WGMS estimates that glaciers, which do not include the Greenland and Antarctica ice sheets, have lost more than 9,000 billion tonnes of mass since 1975.

“This is equivalent to a huge ice block of the size of Germany with a thickness of 25 metres,” said WGMS director Michael Zemp. The world has lost 273 billion tonnes of ice on average every year since 2000, he added, highlighting the findings of a new international study into glacier mass change.

“To put that into context, 273 billion tonnes of ice lost every year corresponds about to the water intake of the entire [world] population for 30 years,” Mr. Zemp said. In central Europe, almost 40 per cent of the remaining ice has melted. If this continues at the current rate, “glaciers will not survive this century in the Alps.”
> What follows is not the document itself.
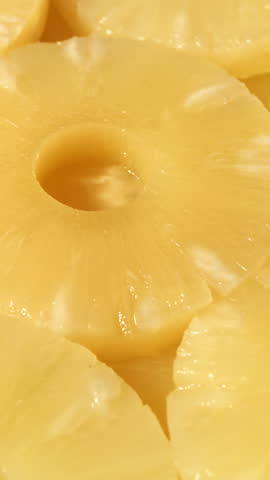 Juicy pineapple slices in syrup fill the closeup frame showing circular rings with glossy surface texture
Echoing those concerns, WMO’s Ms. Mishra added that if emissions of warming greenhouse gases are not slowed “and the temperatures are rising at the rate they are at the moment, by the end of 2100, we are going to lose 80 per cent of the small glaciers” across Europe, East Africa, Indonesia and elsewhere.

A trigger for large-scale floods

Glacial melt has immediate, large-scale repercussions for the economy, ecosystems and communities.

The latest data indicates that 25 to 30 per cent of sea level rise comes from glacier melt, according to the World Glacier Monitoring Service.

Melting snowcaps are causing sea levels to rise about one millimetre higher every year, a figure that might seem insignificant, yet every millimetre will flood another 200,000 to 300,000 persons every year.

“Small number, huge impact,” glaciologist Mr. Zemp said.

Everyone is affected

Floods can affect people’s livelihoods and compel them to emigrate from one place to another, WMO’s Ms. Mishra continued.

“When you ask me how many people are actually impacted, it’s really everyone,” she stressed.

From a multilateral perspective, “it is really high time that we create awareness, and we change our policies and...we mobilise resources to make sure that we have good, policy frameworks in place, we have good research in place that can help us to mitigate and also adapt to these new changes,” Ms. Mishra insisted.

A day to consider world’s glaciers

Providing added momentum to this campaign, the World Day for Glaciers on 21 March aims to raise awareness about the critical role that these massive frozen rivers of snow and ice play in the climate system. It coincides with World Water Day.

To mark the occasion, which is one of the highlights of the 2025 International Year of Glaciers’ Preservation, global leaders, policymakers, scientists and civil society representatives are due to gather at UN Headquarters in New York to highlight the importance of glaciers and to boost worldwide monitoring of the cryospheric processes of freezing and melting that affect them.

WGMS’s Mr. Zemp, who also teaches glaciology at the University of Zurich, is already preparing for a world without glaciers.

“If I think of my children, I am living in a world with maybe no glaciers. That’s actually quite alarming,” he told UN News.

“I really recommend going with your children there and having a look at it because you can see the dramatic changes that are going on, and you will also realise that we are putting a big burden on our next generation.”

Glacier of the Year

This year’s Glacier of the Year 2025 is South Cascade Glacier in the US state of Washington.

The body of ice, which has been continuously monitored since 1952, provides one of the longest uninterrupted records of glaciological mass balance in the western hemisphere.

“South Cascade Glacier exemplifies both the beauty of glaciers and the long-term commitment of dedicated scientists and volunteers who have collected direct field data to quantify glacier mass change for more than six decades,” said Caitlyn Florentine, from the U.S. Geological Survey.